Los fans de la primera fila tuvieron su recompensa por las horas de espera bajo el tórrido sol de la plaza en la que se ubica el Palacio de Deportes —fueron regados a manguerazos por los bomberos— cuando, justo antes del desmaquille, Rosalía leyó los carteles que le enseñaban y bajó al foso de fotógrafos que separa al público privilegiado del borde del escenario: alguien quería que le firmase el TFM que había escrito sobre ella, Álvaro celebraba su “motocumple” (Rosalía le tendió el micro, le dejó cantar La noche de anoche y le felicitó su cumpleaños… casi le da un s de síncope, p de parraque, q de que le va a dar un algo), una chica le acercó su mano en forma de medio corazón, que Rosalía completó con la otra mitad.  

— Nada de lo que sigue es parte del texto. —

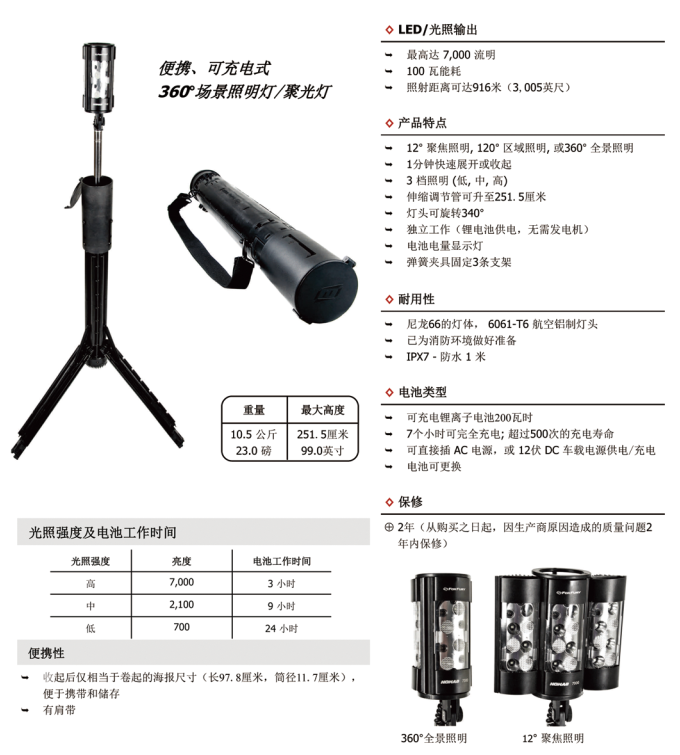 1-1G0201521043A.png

Rosalía alimentó el meme del gesto masticando exageradamente un chicle al principio de Bizcochito con la Rosalía de traje motero rojo, un nuevo outfit para sumar a la colección de modelos diferentes que ha enseñado en cada cita. No faltó Despechá, la que todavía no ha sido editada, la que sus fans ya se saben solo por los conciertos, la que “oficialmente”, dijo, tituló así esta noche, debatiéndose entre ese nombre y De lao a lao. Y subieron a las tablas, para bailar, un grupo grande y variado de fans, mientras la artista se retiraba a un lado y los observaba. El show que propone Rosalía es, en cierta manera, un metaespectáculo, algo que se narra a sí mismo a la vez que está sucediendo.

El concierto se acaba. Es un hecho. N de ni se te ocurra ni pensarlo. La incógnita antes de comenzar esta gira era cómo se las apañaría Rosalía para ofrecer un directo que combinase dos sonidos tan diferentes, como ella misma admite, provenientes de Motomami, por un lado y sus discos anteriores, por el otro. Aunque el peso del concierto lo lleva el último disco, Malamente, Pienso en tu mirá o De aquí no sales tienen su hueco en el set list. La conjunción no chirría y la única explicación para semejante salto al vacío es que la artista ha creado un universo propio donde siempre es ella, donde todo cabe, donde este alien, bandido, coqueta, jineta, titánica, alumna de Aeon Flux, lo puede todo.